Updated: Jul 12
The official beginning of a new era of seeing deeper into the universe than ever before.
July 11, 2022 President Joe Biden, Vice President Kamala Harris, and NASA Administrator Bill Nelson unveiled the first science-quality image captured by the $10 billion James Webb Space Telescope on Monday (July 11) at the White House. The image is the deepest infrared view of the universe to date, according to a NASA statement, and was created using just 12.5 hours of observing time on one of the telescope's four instruments.

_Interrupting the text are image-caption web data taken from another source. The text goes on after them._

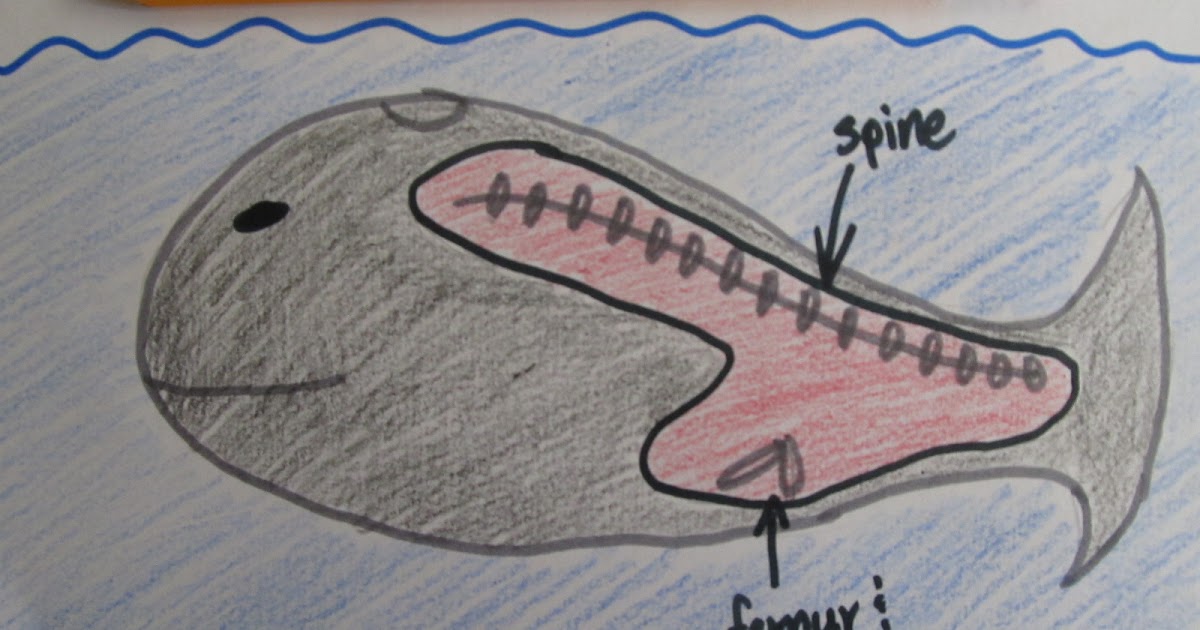 AP Bio Assignment Biological Collection Vestigial Structures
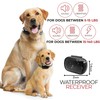 Extra Small Size Dog Shock Collar for Training Small Dogs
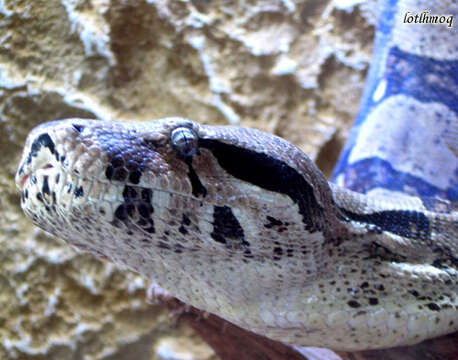 Image of Garden Tree Boa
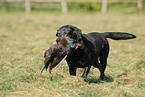 Labrador apportiert Fasan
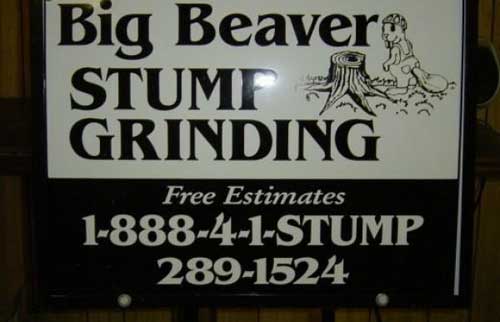 big-beaver
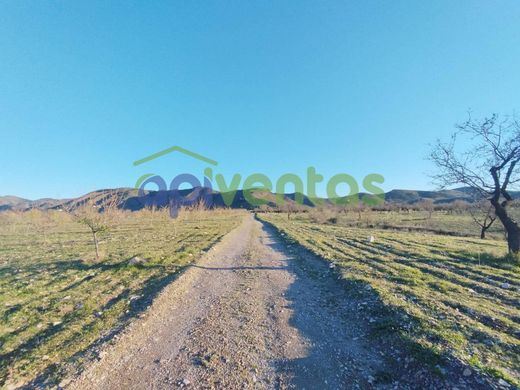 Rustykalny lub Wiejski w Lorca, Murcia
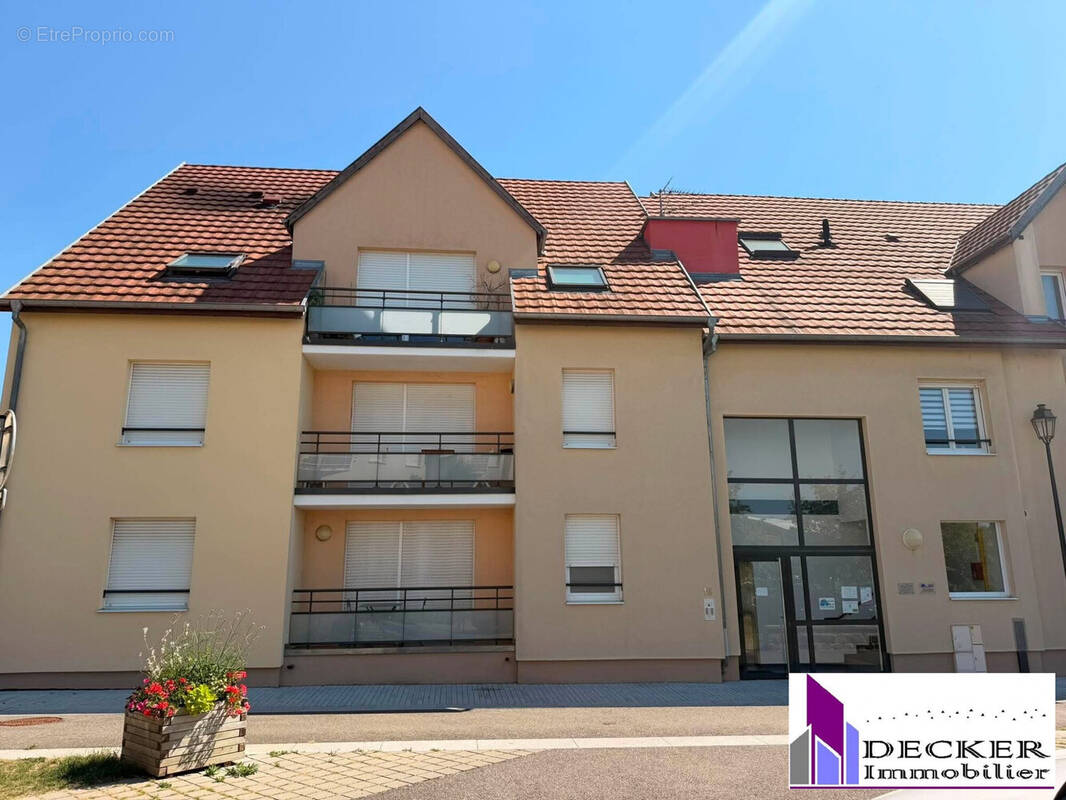 Appartement à INGWILLER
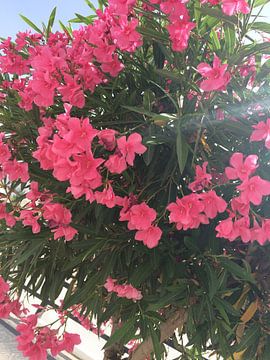 Prachtige roze bloemen in Ibiza van Tessel Robbertsen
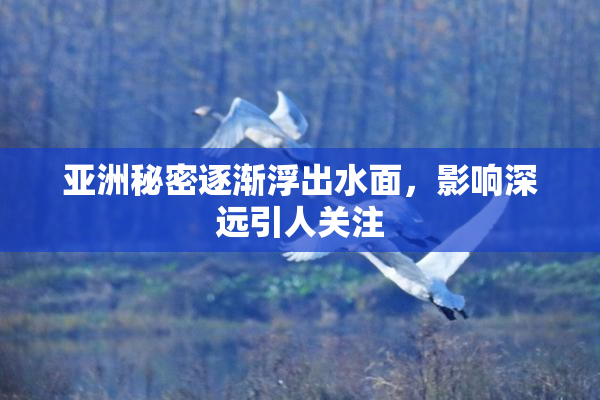 亚洲秘密逐渐浮出水面，影响深远引人关注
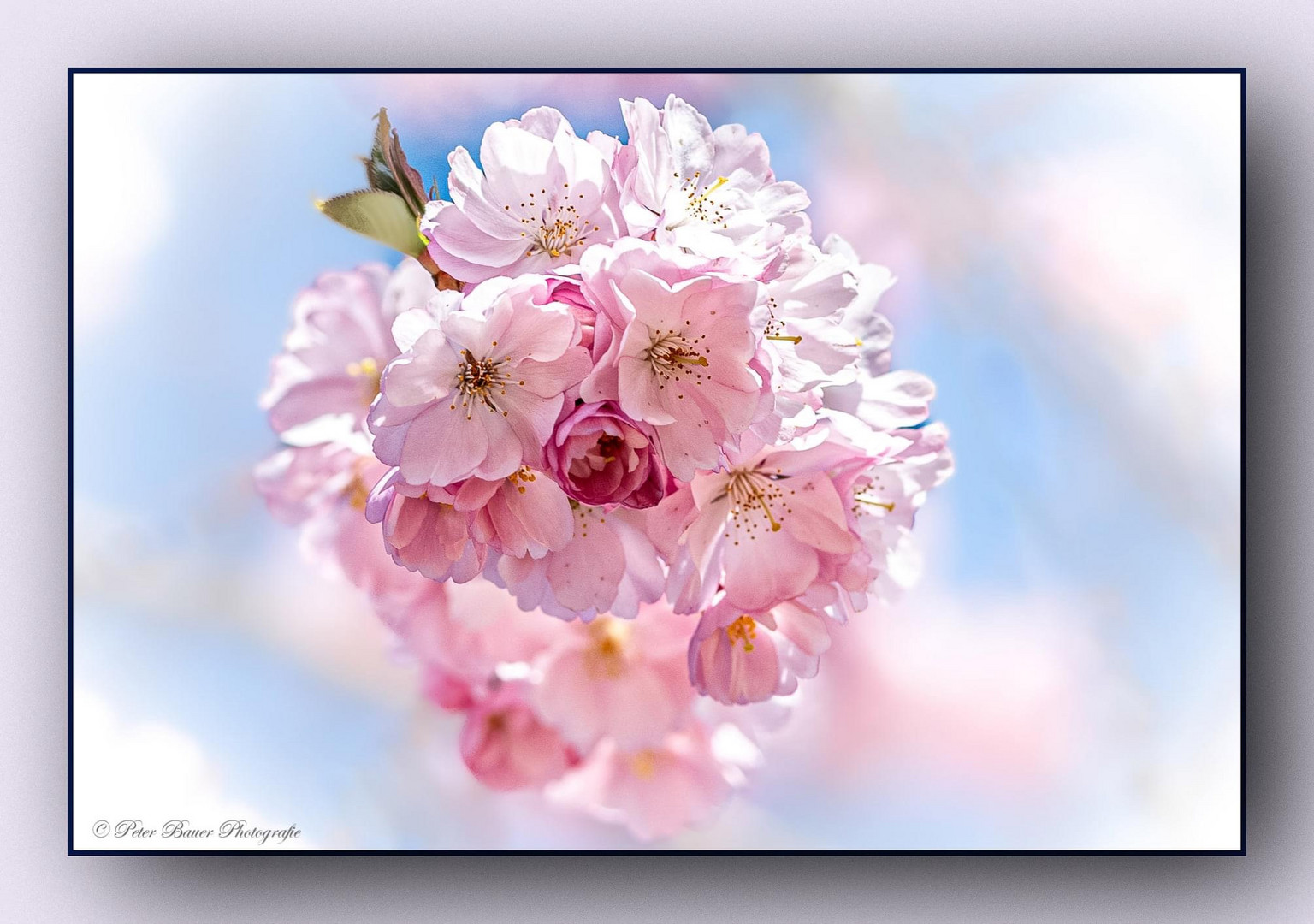 Mandelblüten kündigen den Frühling an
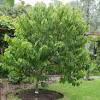 The difficulty in searching for a particular philippine plant is the multiplicity of common names that the plant may possess, often more than 10, sometimes as many. 1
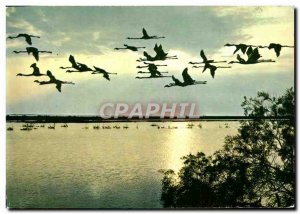 Modern Reflections Postcard From Provence Scene of the Camargue Life Flight o...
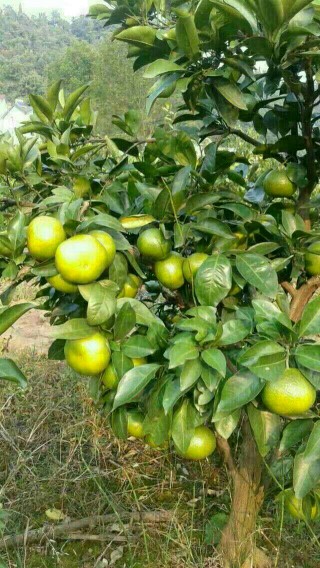 普早蜜桔  湖北蜜桔/丑八怪/贡桔/砂糖橘/南丰叶光果产地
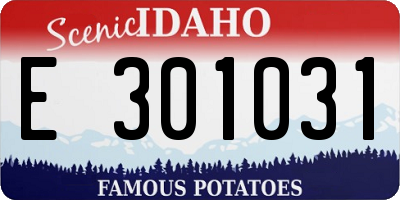 ID license plate E301031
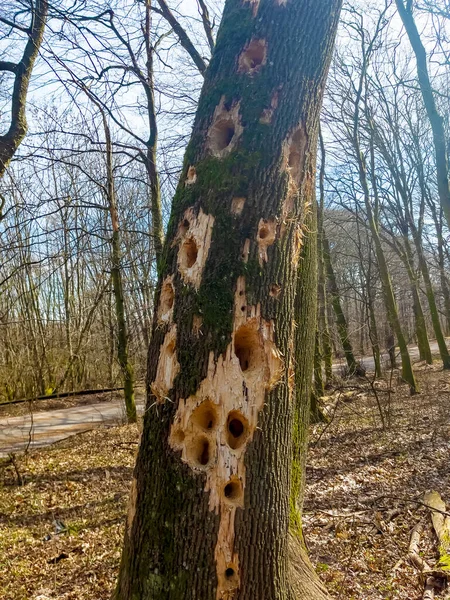 Holes in wood. Woodpeckers destroy trees in Berdsk. Birds gouge mostly diseased trees, getting food. The surface of a tree destroyed by woodpeckers. Evidence of damage on an old hollow tree.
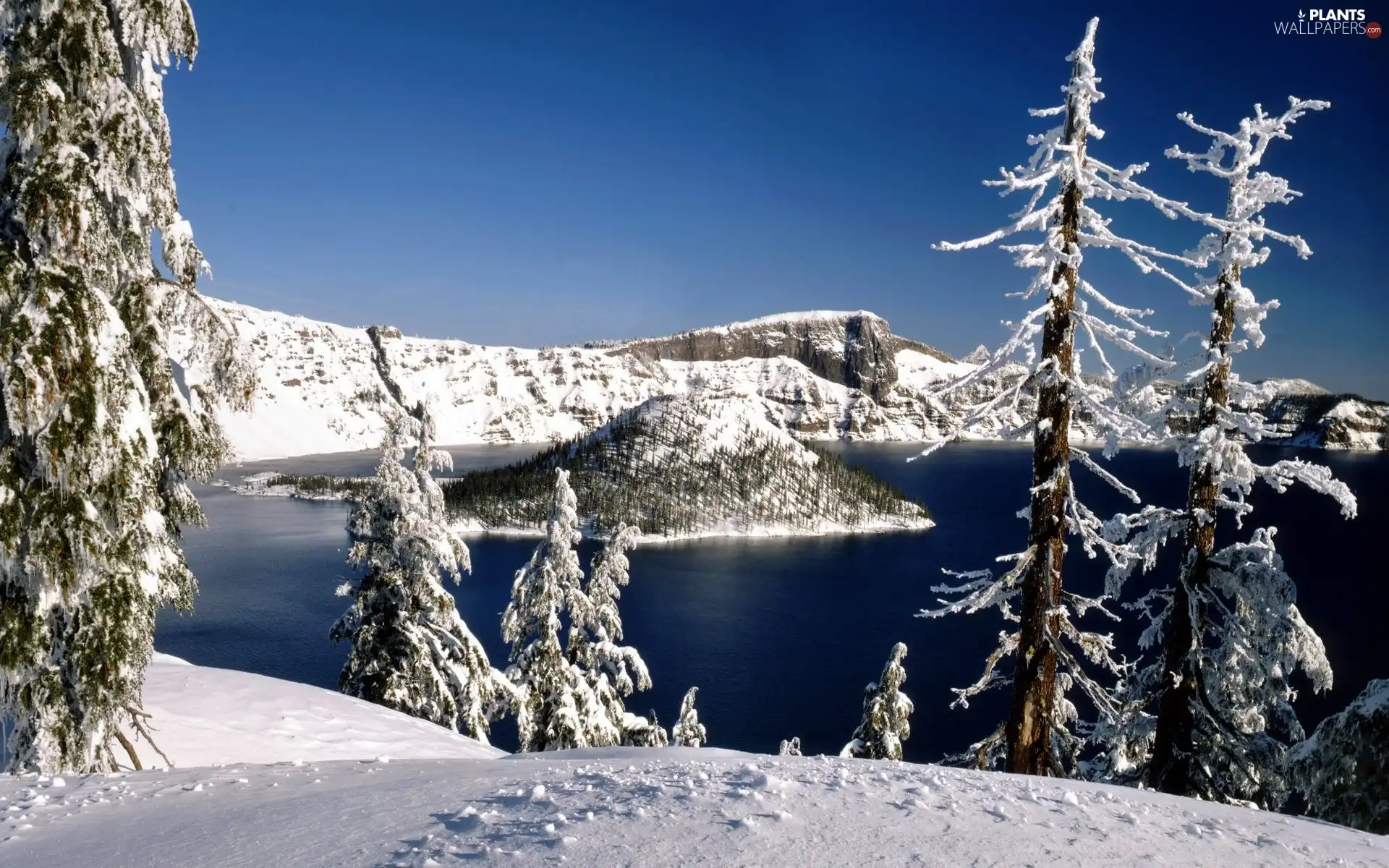 viewes, winter, lake, trees, Mountains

The image shows the galaxy cluster SMACS 0723 as it appeared 4.6 billion years ago. The combined mass of this galaxy cluster acts as a gravitational lens, magnifying much more distant galaxies behind it. Webb’s NIRCam has brought those distant galaxies into sharp focus – they have tiny, faint structures that have never been seen before, including star clusters and diffuse features. Researchers will soon begin to learn more about the galaxies’ masses, ages, histories, and compositions, as Webb seeks the earliest galaxies in the universe.
"Today represents an exciting new chapter in the exploration of our universe," Harris said. "From the beginning of history, humans have looked up to the night sky with wonder and thanks to dedicated people who have been working for decades in engineering and on scientific marvels, we can look to the sky with new understanding."
“This telescope embodies how America leads the world, not by the example of our power, but the power of our example,” – Joe Biden
"If you held a grain of sand on the tip of your finger at arm's length, that is the part of the universe that you're seeing, just one little speck of the universe," Bill Nelson – NASA Administrator said at the White House
Today's Image release marks the climax of nearly seven months of carefully orchestrated space operations since JWST launched on Dec. 25, 2021. The telescope spent its first month after blast off and stationing the spacecraft around the orbit at L2 (Sun-Earth Lagrange point) million miles away from earth,
Simultaneously, the spacecraft deployed from a launch-friendly compact configuration, including unfurling the massive kite-shaped sunshield that allows the observatory to study the cosmos in infrared light. The telescope also unfolded its golden mirror and spent weeks finetuning the positions of its 18 hexagonal segments.
Finally, the team behind JWST calibrated each of the four key science instruments, ensuring that each of the spacecraft's 17 observing modes worked properly. That work continued within hours of Biden's remarks, with the final instrument's last mode approved for science earlier on Monday.
The images released today and tomorrow mark the beginning of JWST's career as a full-fledged space observatory.
These listed targets below represent the first wave of full-color scientific images and spectra the observatory has gathered and the official beginning of Webb’s general science operations. They were selected by an international committee of representatives from NASA, ESA, CSA, and the Space Telescope Science Institute.
Carina Nebula: The Carina Nebula is one of the largest and brightest nebulae in the sky, located approximately 7,600 light-years away in the southern constellation Carina. Nebulae are stellar nurseries where stars form. The Carina Nebula is home to many massive stars, several times larger than the Sun.
WASP-96 b (spectrum): WASP-96 b is a giant planet outside our solar system, composed mainly of gas. The planet, located nearly 1,150 light-years from Earth, orbits its star every 3.4 days. It has about half the mass of Jupiter, and its discovery was announced in 2014.
Southern Ring Nebula: The Southern Ring, or “Eight-Burst” nebula, is a planetary nebula – an expanding cloud of gas, surrounding a dying star. It is nearly half a light-year in diameter and is located approximately 2,000 light-years away from Earth.
Stephan’s Quintet: About 290 million light-years away, Stephan’s Quintet is located in the constellation Pegasus. It is notable for being the first compact galaxy group ever discovered, in 1877. Four of the five galaxies within the quintet are locked in a cosmic dance of repeated close encounters.
SMACS 0723: Massive foreground galaxy clusters magnify and distort the light of objects behind them, permitting a deep field view into both the extremely distant and intrinsically faint galaxy populations.
The release of these first images marks the official beginning of Webb’s science operations, which will continue to explore the mission’s key science themes. Teams have already applied through a competitive process for time to use the telescope, in what astronomers call its first “cycle,” or first year of observations.